> **Data excerpt**:
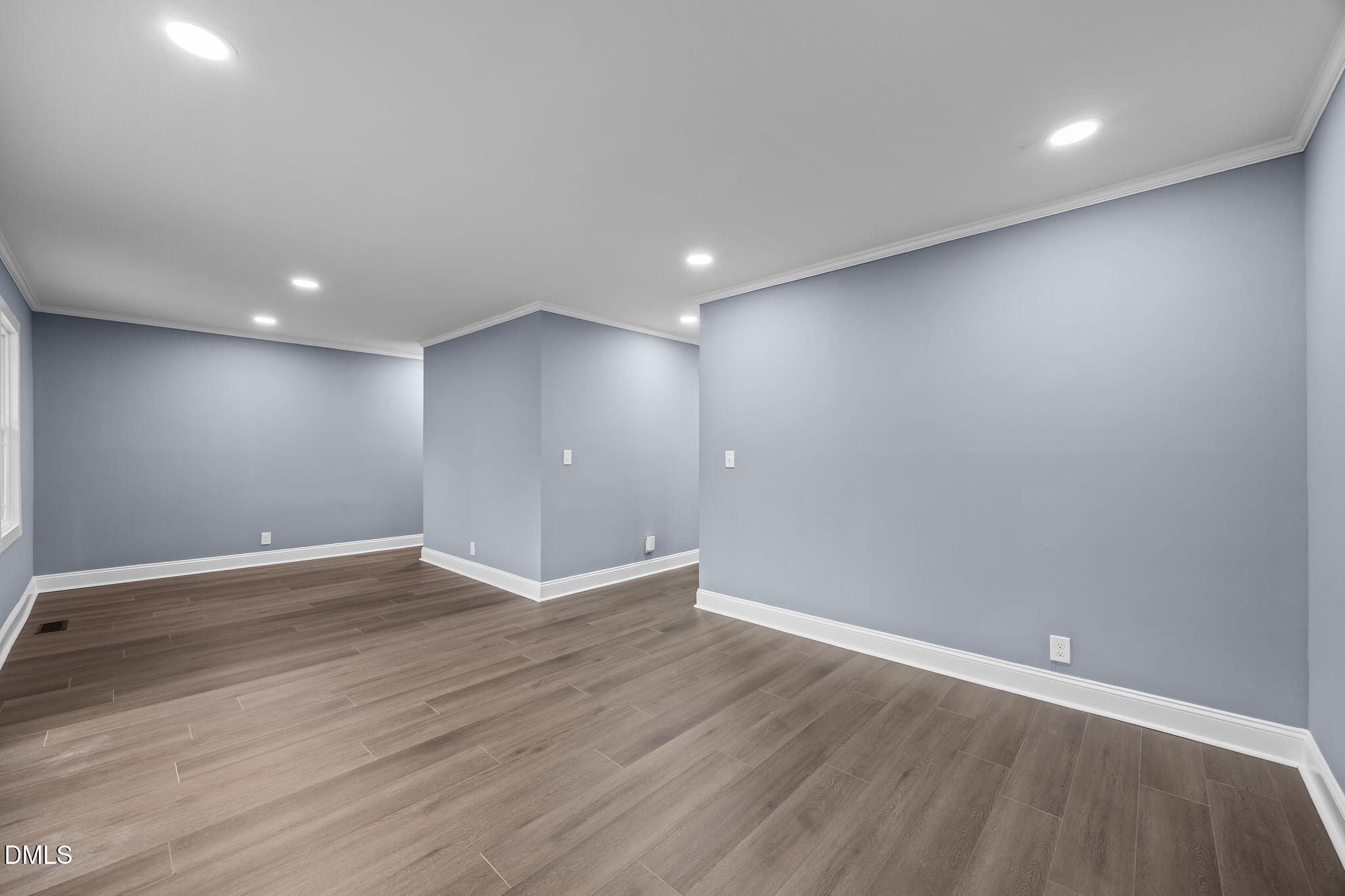3000 Brentwood Road Property Photo 23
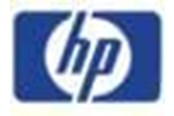 Harddisk - HP - 450GB - Harddisk - 581310-001 - Serial Attached SCSI - 581310-001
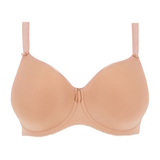 Fantasy Lingerie Rebecca Essentials skin padded bra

> **Goal of the exercise**: As you output the material, omit the pictures but alter nothing else.

> **Solution to the problem**:
3000 Brentwood Road Property Photo 23
 Harddisk - HP - 450GB - Harddisk - 581310-001 - Serial Attached SCSI - 581310-001
 Fantasy Lingerie Rebecca Essentials skin padded bra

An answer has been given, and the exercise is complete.